Sissel variations.JPG

The missing microfilmed pages of the GRO Index

Another pitfall, that can cause us not to be able to find a person in births, marriages and death records, is as a result of them falling into those missing pages that were left out when the General Register Office originally licensed their records of BMDs. It was discovered then that, when the books were microfilmed, that some pages were passed over by mistake in the process. TheGenealogist were quick to spot this and sent a team up to the now closed Family Record Centre to copy the missing data so that these records will be included when we do a search on this particular website.

Brits overseas or born at sea

There is yet another great reason to consider doing your search on TheGenealogist and that is that it includes a number of our ancestors who were born, married or died overseas, or onboard a ship. These records will not be included in the standard civil registration births, marriages and deaths, but are to be found in either the GRO overseas records, or The National Archives overseas BMDs. (Both of which are included on TheGenealogist).

The National Archives' Non-Parochial Records (RG32, RG33, RG34 & RG35) cover such entries as those in non-statutory records from abroad, or on British ships. The copies of these may have been kept by the incumbents of English churches and missions abroad and do not appear in the regular BMD records. To easily access them we are able to use the Master Search on TheGenealogist.

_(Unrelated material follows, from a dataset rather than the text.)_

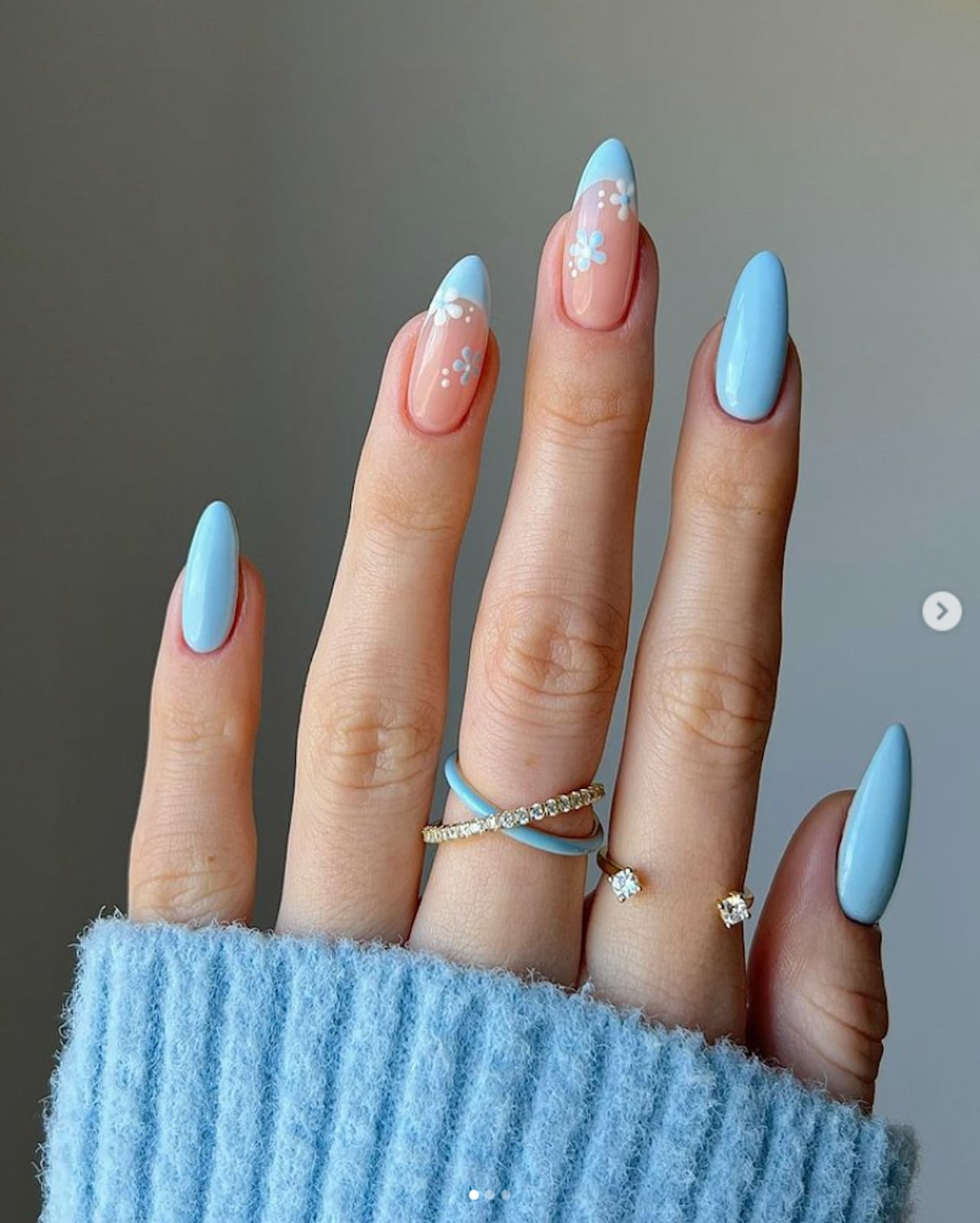 Baby Blue Glossy Almond Nails with Floral Art — Blue Nails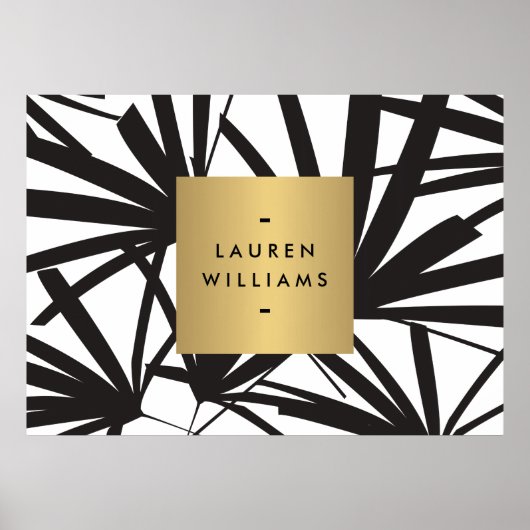 Elegant Black Palm Fronds met Gold Name plate Logo Poster (Voorkant)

The GRO’s Overseas BMD Indexes are also available under 'Birth Marriage and Death Indexes' on TheGenealogist and cover the births, marriages and deaths of British subjects that were recorded at a British Consulate or High Commission and those of British Service Personnel throughout the world. If our ancestor died at sea, on board a British ship, then TheGenealogist will allow us to research over 210,000 records in the Overseas Marine Deaths records on the site.

If we were to look for Albert South, who died in 1915, then he can be located in the Overseas - Marine Deaths in the Military Records. We can see that his death was recorded on H.M.S. Lightning. 

One click and we can see an image of the GRO indexes.

 

We can also look for someone who died in the armed forces in one or other of the World War I and World War II Death Indexes which are on TheGenealogist. These resources provide us with an official GRO index reference which would allow us to then obtain an Overseas Death certificate at www.gro.gov.uk in the usual way.